Proper nutrition is essential for any athlete, but becomes a more relevant topic when discussing sports with weight classes for competition. Athletes who participate in sports with specific weight classes can often become victim to focusing on their weight rather than their sport. Wrestling is notorious for athletes who have been injured and in some instances have died because of unsafe practices when cutting weight by rapidly dehydrating themselves. Wrestling can be a safe and rewarding sport, if weight control is achieved through proper diet and exercise.
Is it safe for my child / athlete to cut weight?
“Cutting” weight through rapid water loss is something that is actively discouraged in youth wrestling. The sport of wrestling should focus on the overall well-being and health of our youth athletes, and needs to include a discussion of weight maintenance issues. Wrestling requires a great deal of physical conditioning and youth athletes’ primary focus should be on being in good shape. The process of rapid weight loss through dehydration should be avoided in all athletes. More mature and experienced athletes can safely lose weight at a rate of approximately 1 to 2 pounds per week by appropriately balancing the number of calories consumed with the number of calories burned through exercise. Part of being in good shape is maintaining a healthy body weight based upon height, age, and body fat percentage.
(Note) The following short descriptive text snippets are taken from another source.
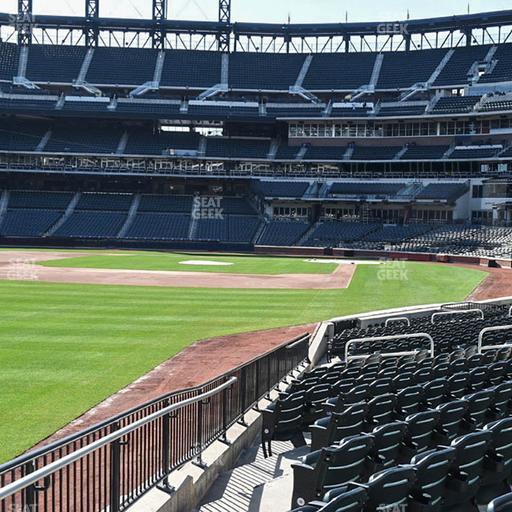 Citi Field - Section 130 Seat View
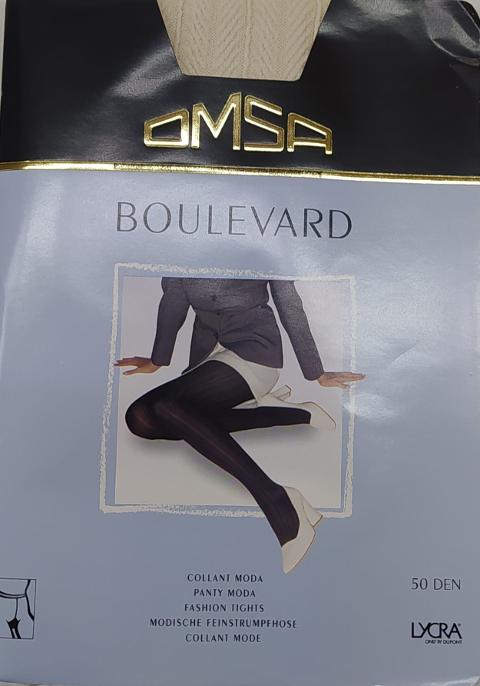 BOULEVARD COLLANT 50 DEN Omsa Collant moda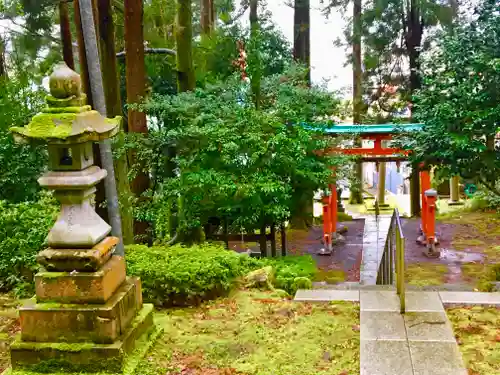 八幡神社の景色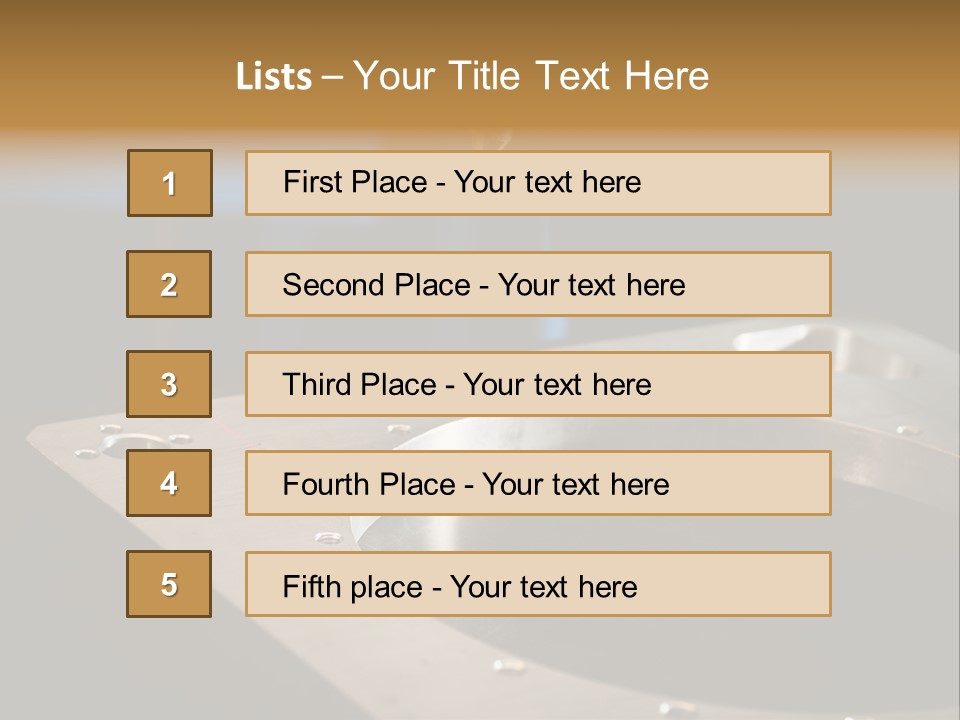Precision Mills Micrometrical PowerPoint Template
How should a wrestler eat before weigh in? Should they?
Wrestlers need to eat! Athletes should avoid fasting before a performance—your body needs fuel to perform. What and how much depends on how soon before competition weigh-ins occur. A wrestler should eat the day before, night before, and morning of competition. A pre-competition meal should ideally occur at least 3 to 4 hours before competition.
What should my wrestler be eating?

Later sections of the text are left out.